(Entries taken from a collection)

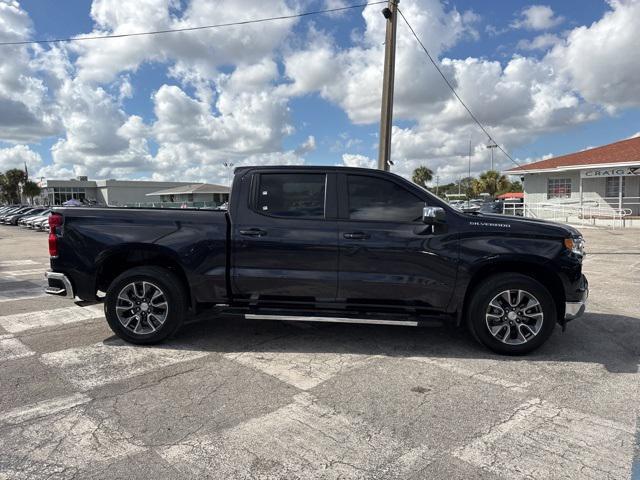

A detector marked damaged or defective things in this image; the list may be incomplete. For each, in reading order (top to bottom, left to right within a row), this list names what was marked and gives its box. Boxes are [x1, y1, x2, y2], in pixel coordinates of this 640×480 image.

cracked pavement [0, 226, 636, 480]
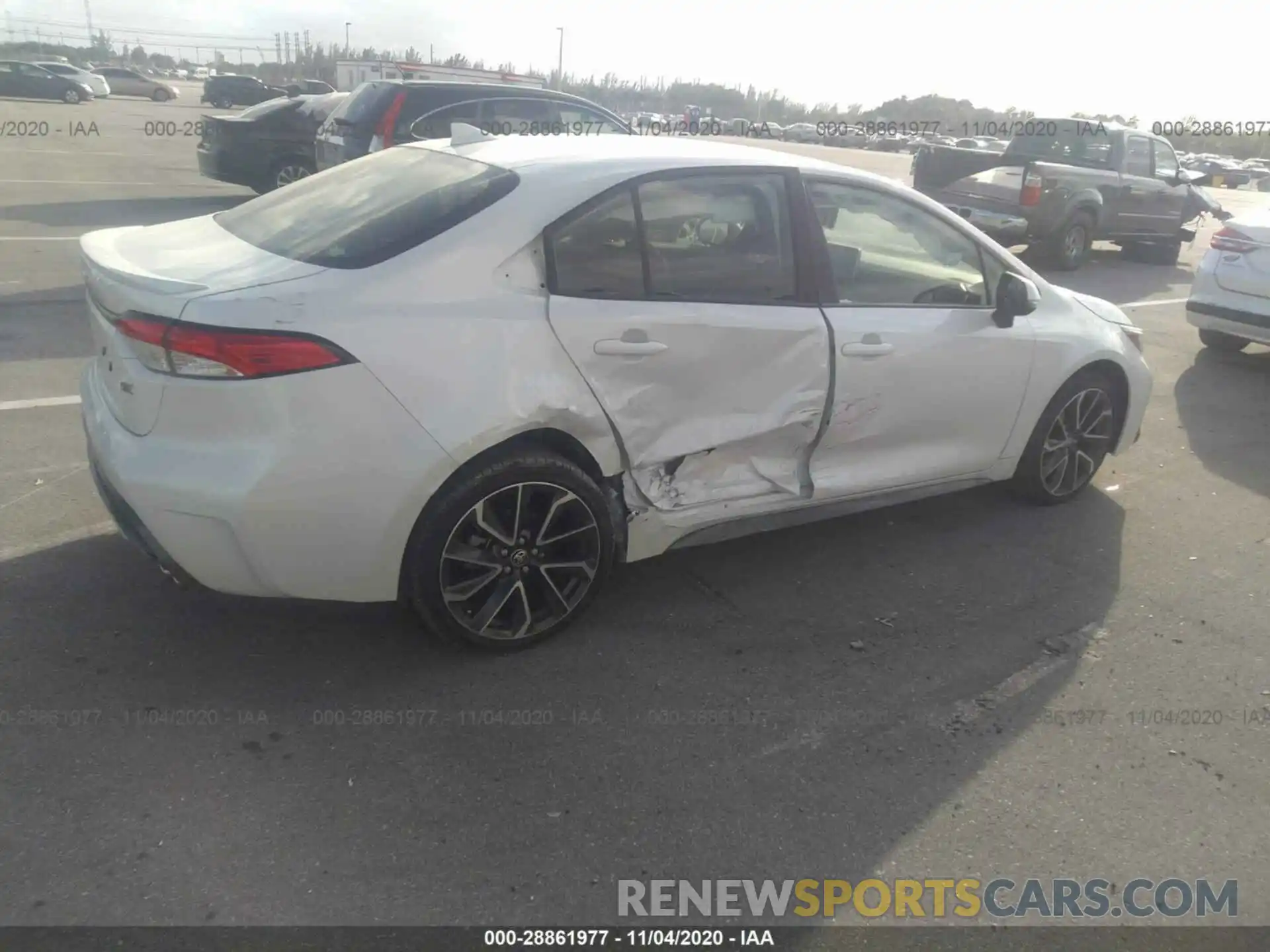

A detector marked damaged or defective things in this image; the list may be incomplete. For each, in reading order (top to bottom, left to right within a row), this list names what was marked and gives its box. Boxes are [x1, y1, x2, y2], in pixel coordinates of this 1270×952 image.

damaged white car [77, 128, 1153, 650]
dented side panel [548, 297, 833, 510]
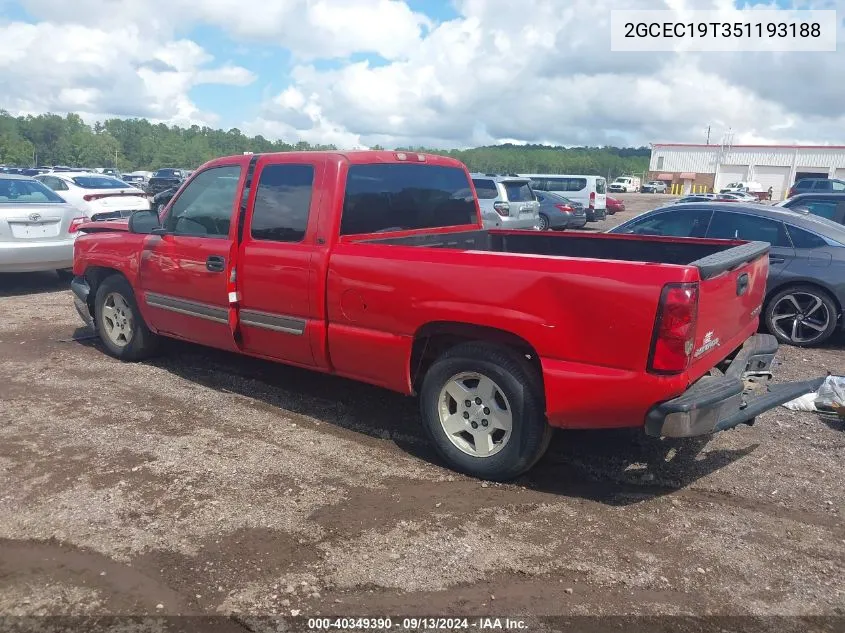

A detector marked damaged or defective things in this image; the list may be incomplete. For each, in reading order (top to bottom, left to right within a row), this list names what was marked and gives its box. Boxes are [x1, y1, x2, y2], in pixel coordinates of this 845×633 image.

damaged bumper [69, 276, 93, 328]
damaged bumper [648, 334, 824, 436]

Task brief: Drop the images and transcribe the entries above exactly.

Written reply:
A detector marked damaged or defective things in this image; the list may be incomplete. For each, in reading order (top to bottom, left to right within a row), this list names what was marked and gives its box. Boxes are [x1, y1, x2, y2], in pixel coordinates of this 640×480 image.

cracked pavement [0, 226, 636, 480]

A detector marked damaged or defective things in this image; the list may be incomplete. For each, in reading order (top to bottom, left to right within a row), this list names what was marked and gives its box. Boxes are [x1, y1, x2, y2], in pixel coordinates of this 1270×952 image.

damaged white car [77, 128, 1153, 650]
dented side panel [548, 297, 833, 510]

A detector marked damaged or defective things in this image; the list may be incomplete. For each, in reading order (top to bottom, left to right within a row), this list names what was marked and gives its box. Boxes are [x1, y1, x2, y2], in pixel coordinates of this 845×633 image.

damaged bumper [69, 276, 93, 328]
damaged bumper [648, 334, 824, 436]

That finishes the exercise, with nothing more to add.